Tuesday, January 12, 2016

November in History

Disclaimer: This article was written in November.

This Month in History
By Nicholas Isaacs
There are many historical events that have happened in November. On November 1st, 1950, 2 Puerto Rican Nationalists attempted to assassinate President Harry S.Truman. The assassination was a failure and one of the men were killed. On November 2nd, 1962, President John F. Kennedy announced that Russia was removing its nuclear missiles from Cuba, marking the end of the Cuban Missile Crisis. On November 3rd, 1957, the Soviet Union launched Sputnik 2, which contained a dog named Laika. It was the first ever animal in space.
On November 4th, 1922, Howard Carter discovered King Tut’s tomb in Luxor, Egypt. It remains one of the only royal tombs not touched by grave robbers. On November 7th, 1944, President Franklin D. Roosevelt was re-elected to a very unexpected 4th term as president. He remains the only president to have served 4 terms as president. On November 11th, 1918, an armistice was signed by the Allied and Central Powers of World War 1 to end all battles by 11 o’clock a.m. The fighting officially stopped in 1919, when both sides signed the Treaty of Versailles. On November 15th, 1864, General William T. Sherman and his troops burned the city of Atlanta, Georgia to the ground. This was during the General’s famous “march to the sea.”
On November 19th, 1863, President Abraham Lincoln delivered his famous “Gettysburg Address.” The speech was only 3 minutes long. On November 22nd, 1963, President John F. Kennedy’s term was stopped abruptly, when he was shot and killed in Dallas, Texas. He was the last president ever to get assassinated during his term in office. On November 28th, 1520, Portuguese explorer Ferdinand Magellan went through the now called “Strait of Magellan”, which is located at the southern tip of South America. He was the first to cross from the Atlantic to the Pacific Ocean.

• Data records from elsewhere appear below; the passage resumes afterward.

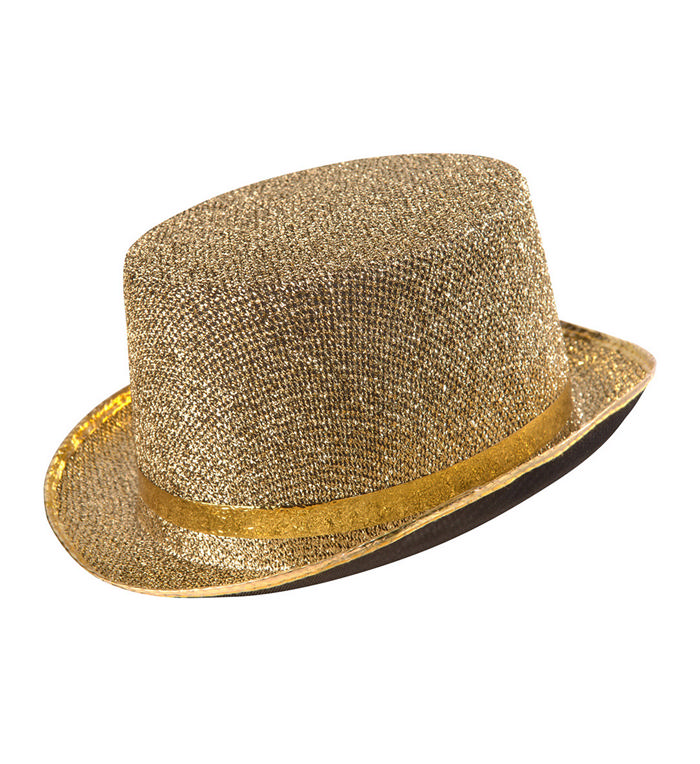 Deluxe Tophat Guld | Guld tema Hat / Hue / Hjelm - Hovedtilbehør - Temashop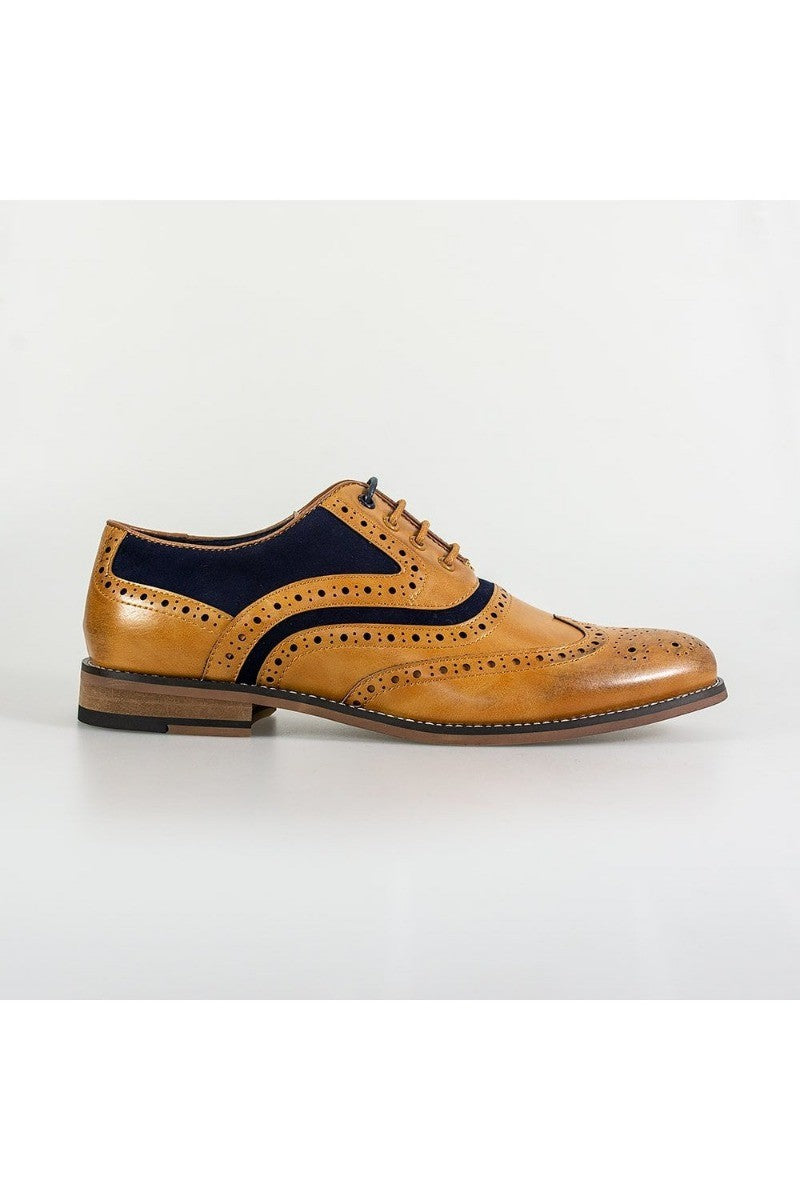 Herren Wildleder & Leder Oxford Brogue Schuhe - ETHAN - Hellbraun - Marineblau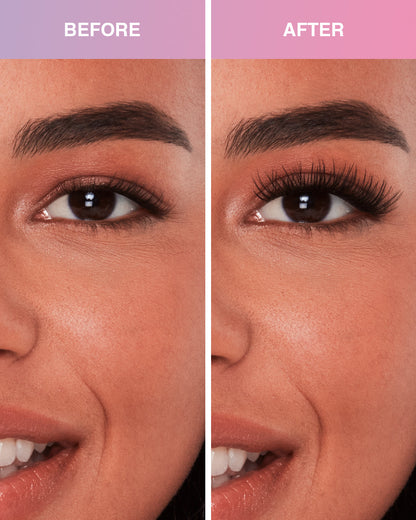 Before and after comparison model using Press On Wispies Natural 30 ct on Hooded eyes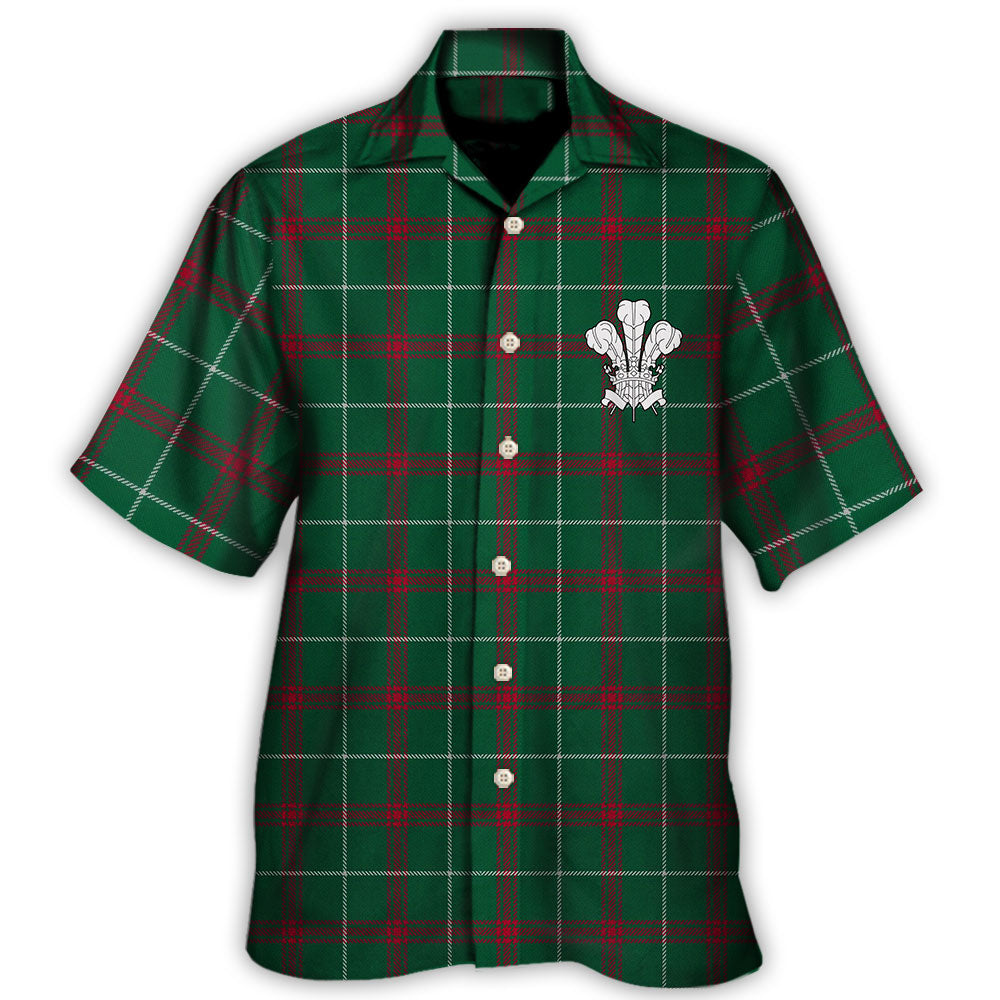 Colorful Tartan Prince Wales Green Hawaiian Shirt For Summer Vacation, Beach Travel, And Casual Wear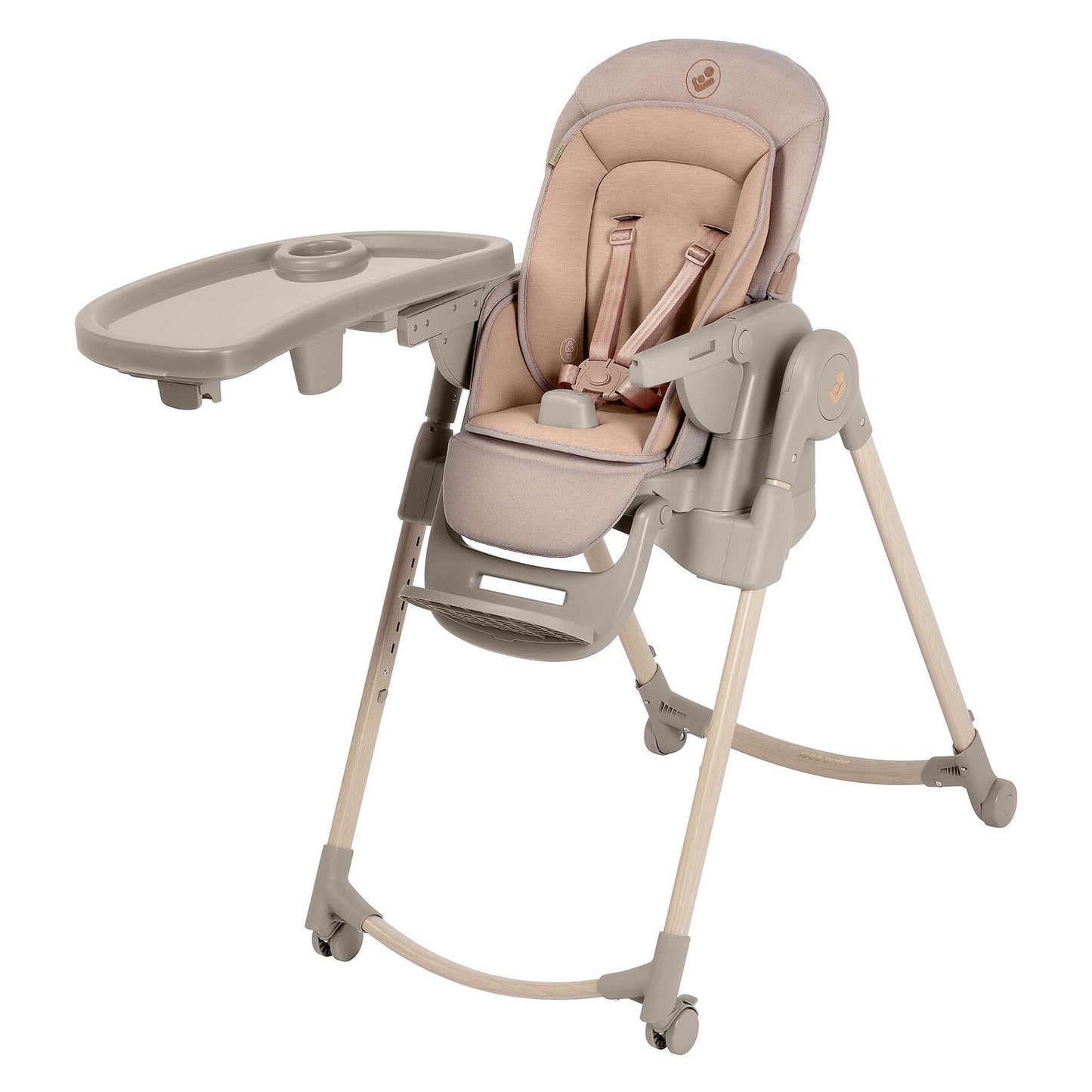 Chaise haute Evolu 2 Childhome vue de profil avec repose-pieds ajustable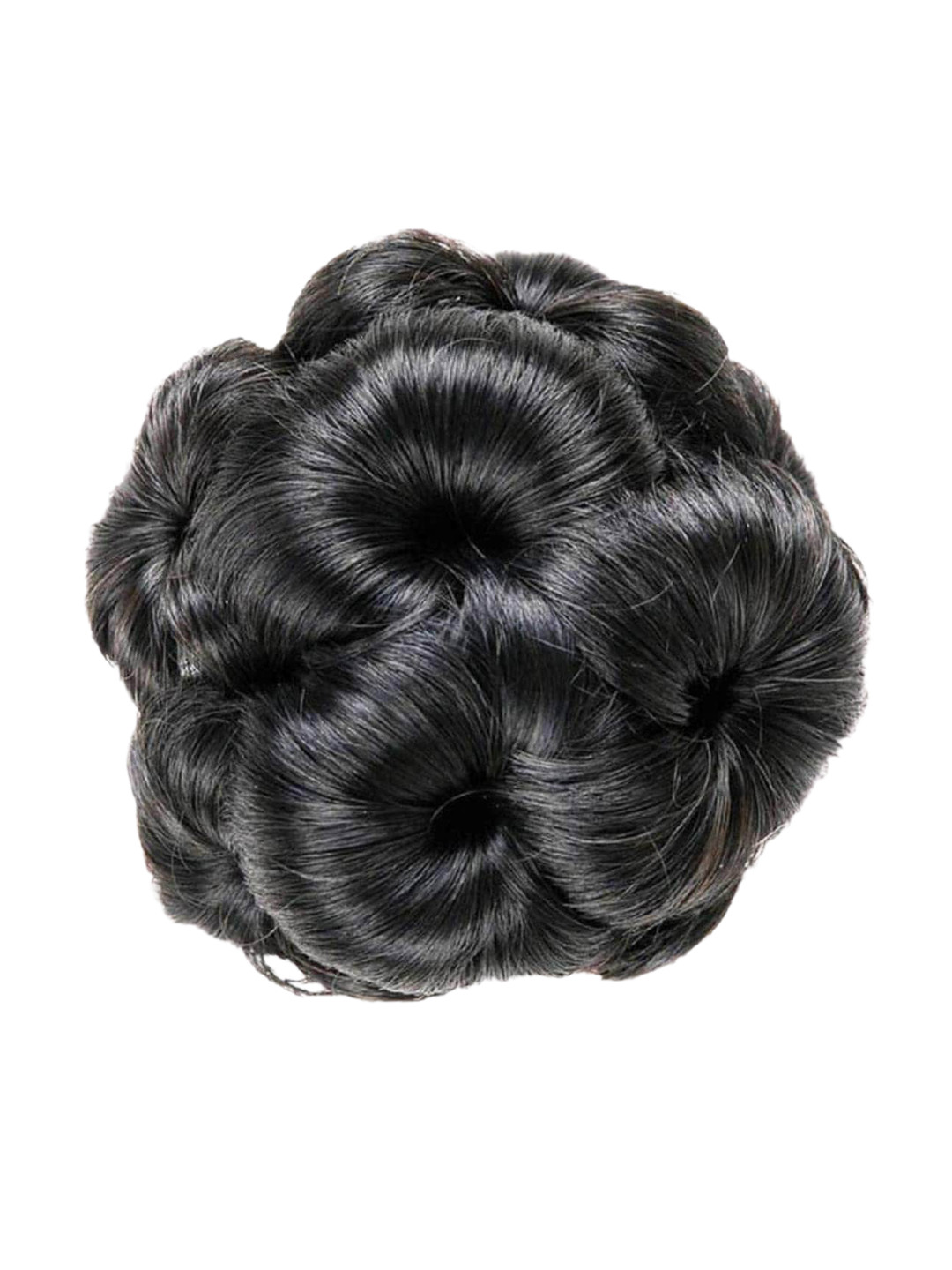 CHRONEX Artificial Synthetic Hair Juda Bun Claw Clip Hair Extension- Black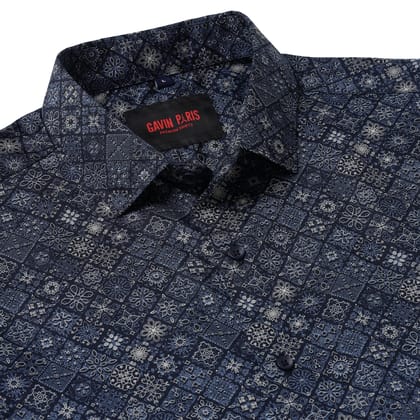 Blue Geometric Pattern Full Sleeve Shirt (GP013)-S-36 / Full Sleeve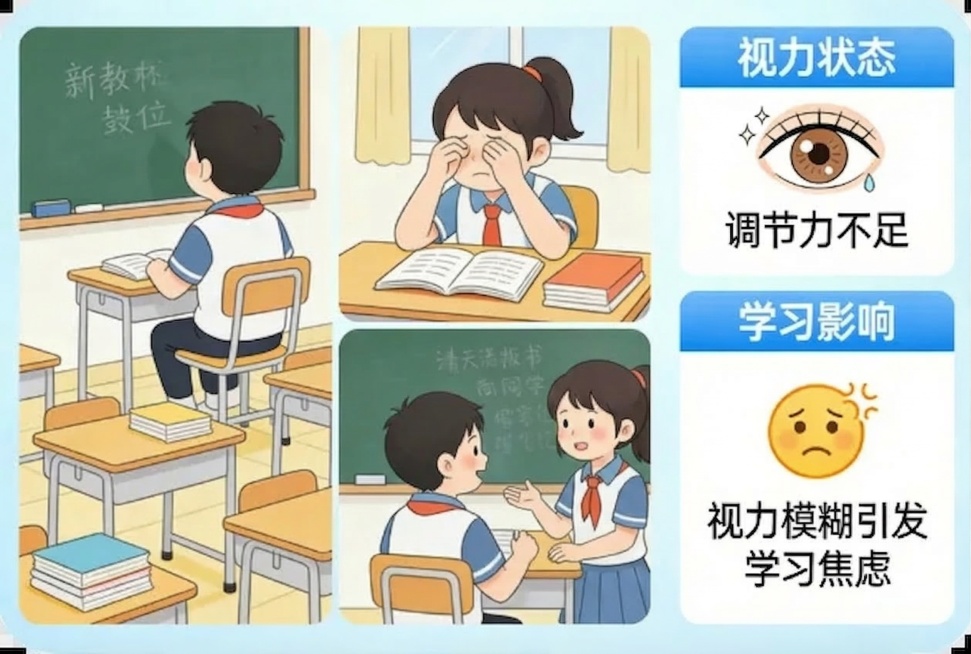 参考原图布局和内容，生成视力科普插画，调整人物为既有男孩也有女孩：左上角看黑板保留男孩，中上部揉眼睛换成女孩，右下对话改为男孩女孩交流，保留所有文字信息、教室场景、排版和卡通风格不变，文字内容：新教杯预览效果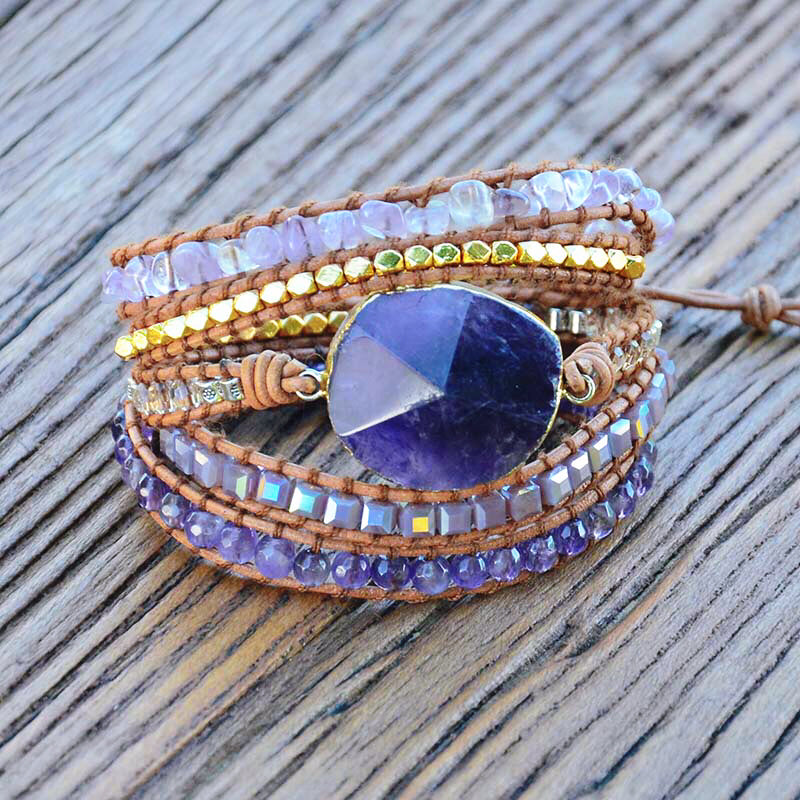 Spirit Amethyst Chakra Bracelet - Wrap Bracelets - Pretland | Spiritual Crystals & Jewelry
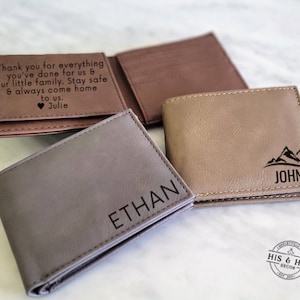 Cartera de cuero personalizada para hombre / Regalos de Navidad / Regalo para él / Cartera grabada / Regalos personalizados / Regalos de aniversario para él / Cartera para hombre
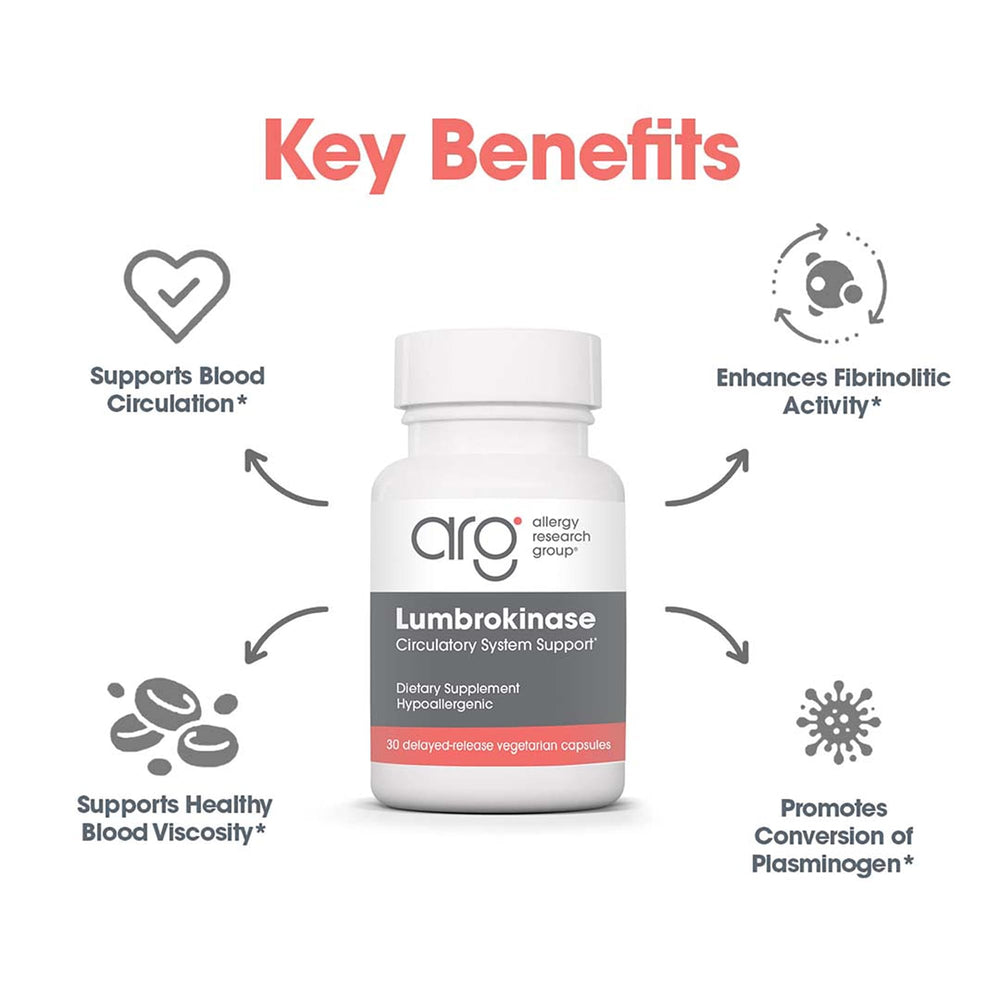 ARG Lumbrokinase label close-up highlighting gluten-free and allergen-safe formulation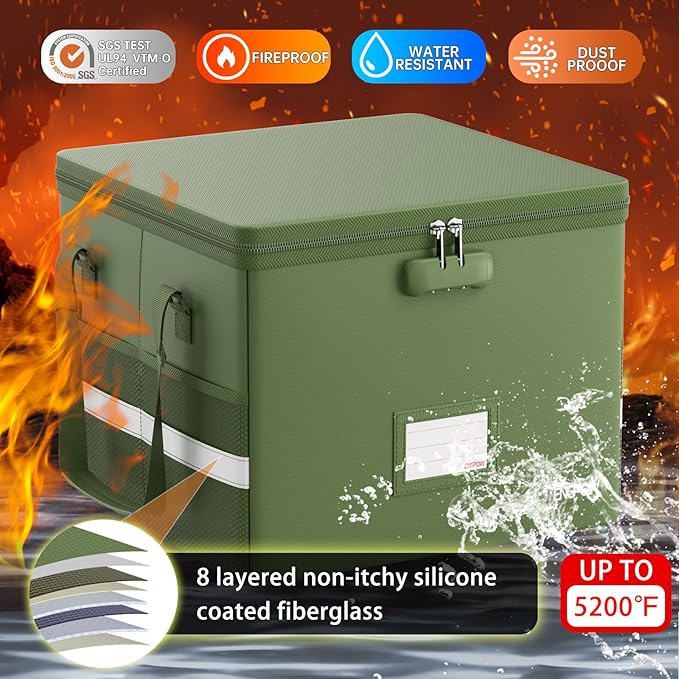 ENGPOW 5200°F File Box Fireproof Document Box with Lock,Heat Insulated Collapsible File Storage Organizer Box with Handle,Por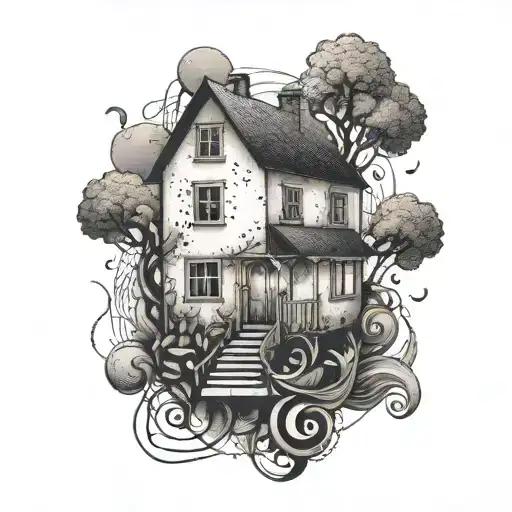 Incorporate Musical Notes And A House Symbol In A Creative Tattoo Design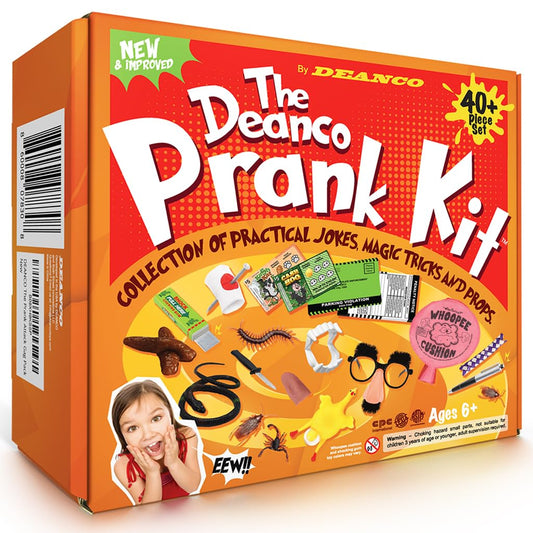 DEANCO - Kit de broma, caja de broma, juego de regalo definitivo, bromas prácticas, recuerdos de fiesta, 40 piezas, juguetes para niños de 8 a 10 años, bromas de abril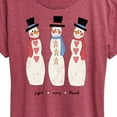 thumbnail image 3 of Instant Message - Joyful Merry Blessed Christmas Snowmen - Women's Short Sleeve Graphic T-Shirt, 3 of 6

Don’t think we forgot about the birthdays! Daniel Boone, one of America’s most famous frontiersmen, was born on November 2nd, 1734. Walter Cronkite, one of America’s most famous news broadcasters was born on November 4th, 1916. James Naismith, the inventor of basketball, was born on November 6th, 1861. We actually have three very famous people that were born on November 8th. Edmond Halley, the man who discovered Halley’s Comet, was born in 1656, Bram Stoker, the author of the famous novel “Dracula”, was born in 1847, and Margaret Mitchell, author of the famous book “Gone with the Wind”, was born in 1900. World War 2 general George S. Patton, the Major general of the army at the time, was born on November 11th, 1885. Robert Fulton, the creator of the first successful steamboat, was born on November 14th, 1765. Louis Daguerre, the inventor of photography, was born on November 18th, 1789. Robert F. Kennedy, U.S senator and brother of John F. Kennedy, was born on November 20th, 1925. Billy the Kid, one of America’s most notorious outlaws, was born on November 23rd, 1859. Zachary Taylor, our 12th president, was born on November 24th, 1784. John Harvard, founder of Harvard University, was born on November 26th, 1607. Two men who were born on November 30th are Samuel Clemens (Mark Twain), one of America’s most beloved authors born in 1835 and Winston Churchill, England’s most famous Prime Minister, born in 1874. I will see you soon in the next edition of “This Month in History.” Bye!